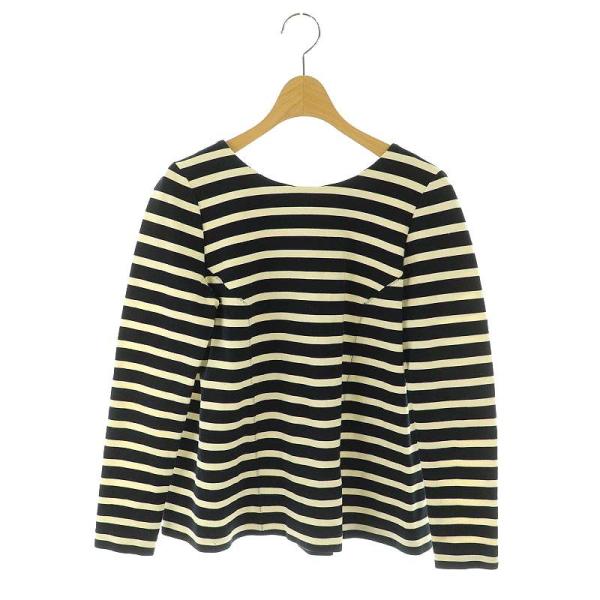 デザインワークス DESIGNWORKS バックリボンボーダーカットソー 38 アイボリー 黒 /M...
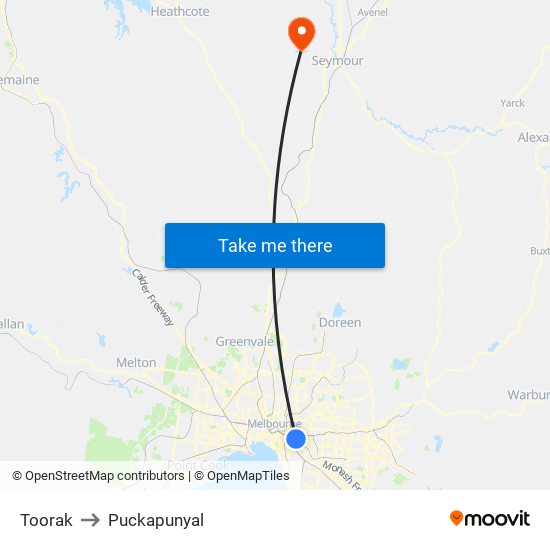 Toorak to Puckapunyal map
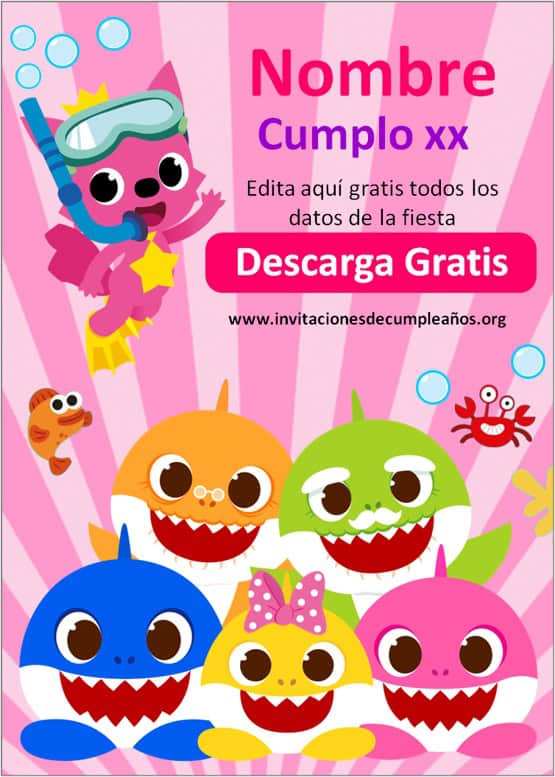 invitaciones de baby shark niña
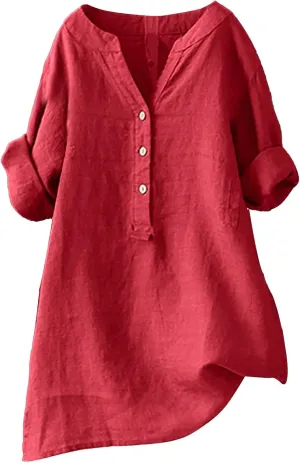 Linen Shirts for Women Linen Tops for Women Gauze Tops for Women Linen Blouse Tshirts Spring Summer Linen Cotton Red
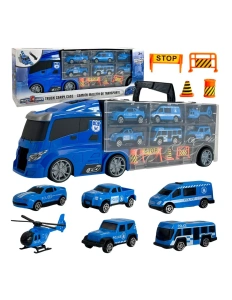 Camion transportor poliție cu lansator – 5 mașinuțe, elicopter și accesorii, 3+ ani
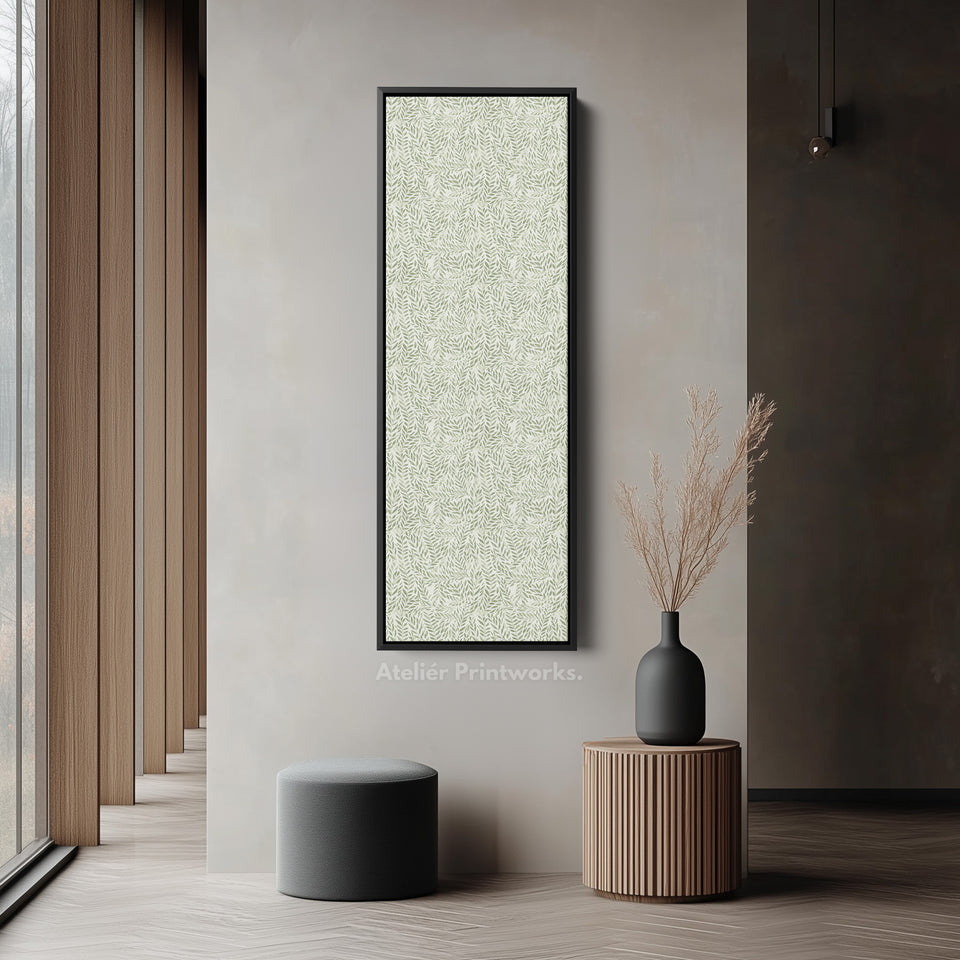 Long Vertical Wall Art Green Botanical Large Framed Canvas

=====

What the exercise asks: Please retype every record exactly, leaving the pictures out.

Output for this exercise:
 デザインワークス DESIGNWORKS バックリボンボーダーカットソー 38 アイボリー 黒 /M...
 Toorak to Puckapunyal map
 invitaciones de baby shark niña
 Linen Shirts for Women Linen Tops for Women Gauze Tops for Women Linen Blouse Tshirts Spring Summer Linen Cotton Red
 Camion transportor poliție cu lansator – 5 mașinuțe, elicopter și accesorii, 3+ ani
 Long Vertical Wall Art Green Botanical Large Framed Canvas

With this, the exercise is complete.